WHAT IS EXPECTED -
When copying the entries below, leave out every picture and keep the rest exact.
EXERCISE DATA below:
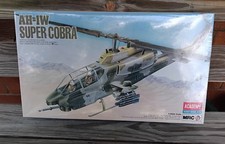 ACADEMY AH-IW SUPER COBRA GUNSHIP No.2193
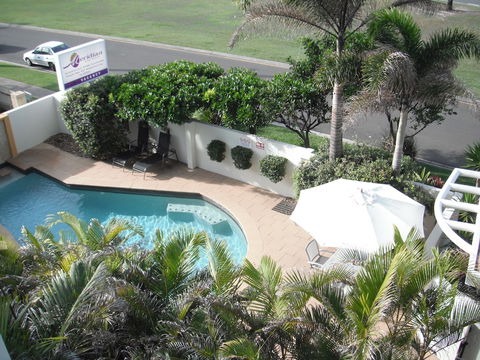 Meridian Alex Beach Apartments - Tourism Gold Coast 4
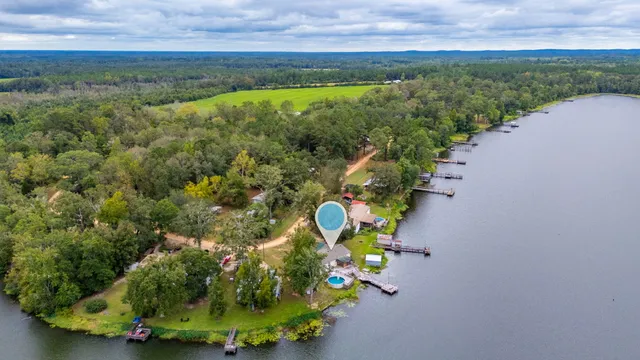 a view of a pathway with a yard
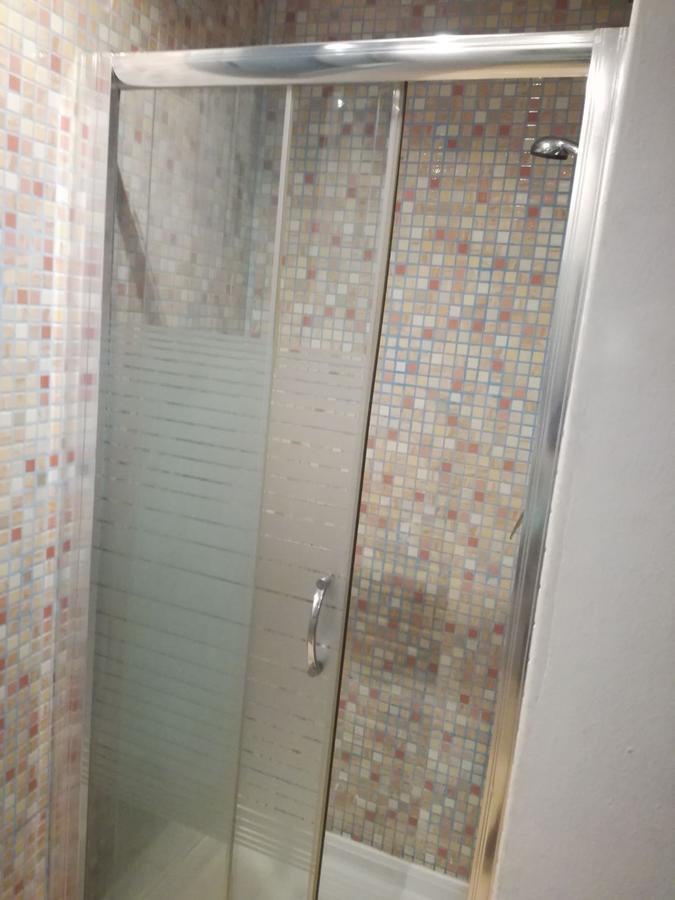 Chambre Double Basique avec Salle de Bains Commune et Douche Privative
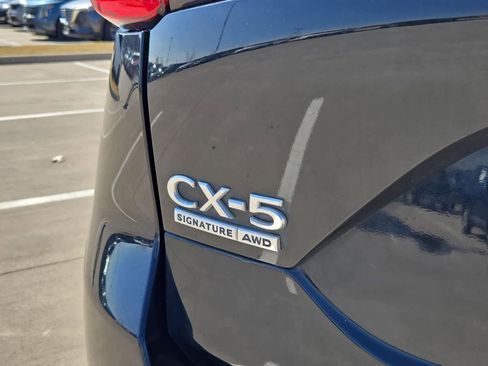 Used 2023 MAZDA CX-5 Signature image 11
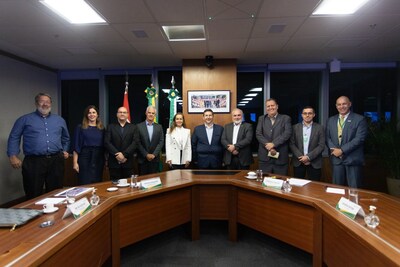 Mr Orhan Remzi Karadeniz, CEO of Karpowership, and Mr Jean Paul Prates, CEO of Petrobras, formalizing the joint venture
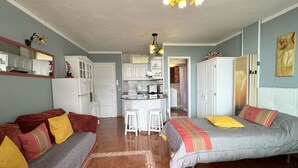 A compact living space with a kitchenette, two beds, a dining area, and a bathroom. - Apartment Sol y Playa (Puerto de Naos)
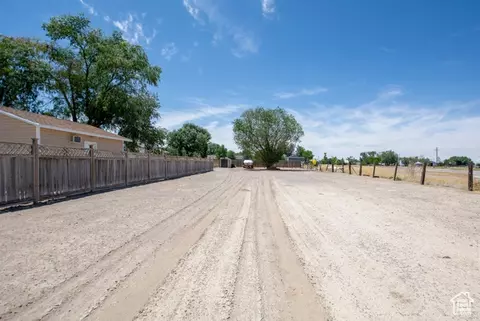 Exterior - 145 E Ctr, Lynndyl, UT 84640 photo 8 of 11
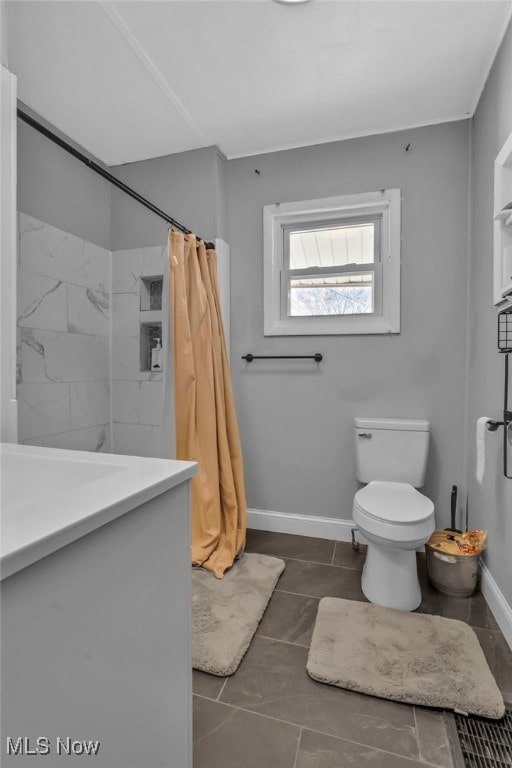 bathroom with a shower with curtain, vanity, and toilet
End of EXERCISE DATA.
RESPONSE AREA -
 ACADEMY AH-IW SUPER COBRA GUNSHIP No.2193
 Meridian Alex Beach Apartments - Tourism Gold Coast 4
 a view of a pathway with a yard
 Chambre Double Basique avec Salle de Bains Commune et Douche Privative
 Used 2023 MAZDA CX-5 Signature image 11
 Mr Orhan Remzi Karadeniz, CEO of Karpowership, and Mr Jean Paul Prates, CEO of Petrobras, formalizing the joint venture
 A compact living space with a kitchenette, two beds, a dining area, and a bathroom. - Apartment Sol y Playa (Puerto de Naos)
 Exterior - 145 E Ctr, Lynndyl, UT 84640 photo 8 of 11
 bathroom with a shower with curtain, vanity, and toilet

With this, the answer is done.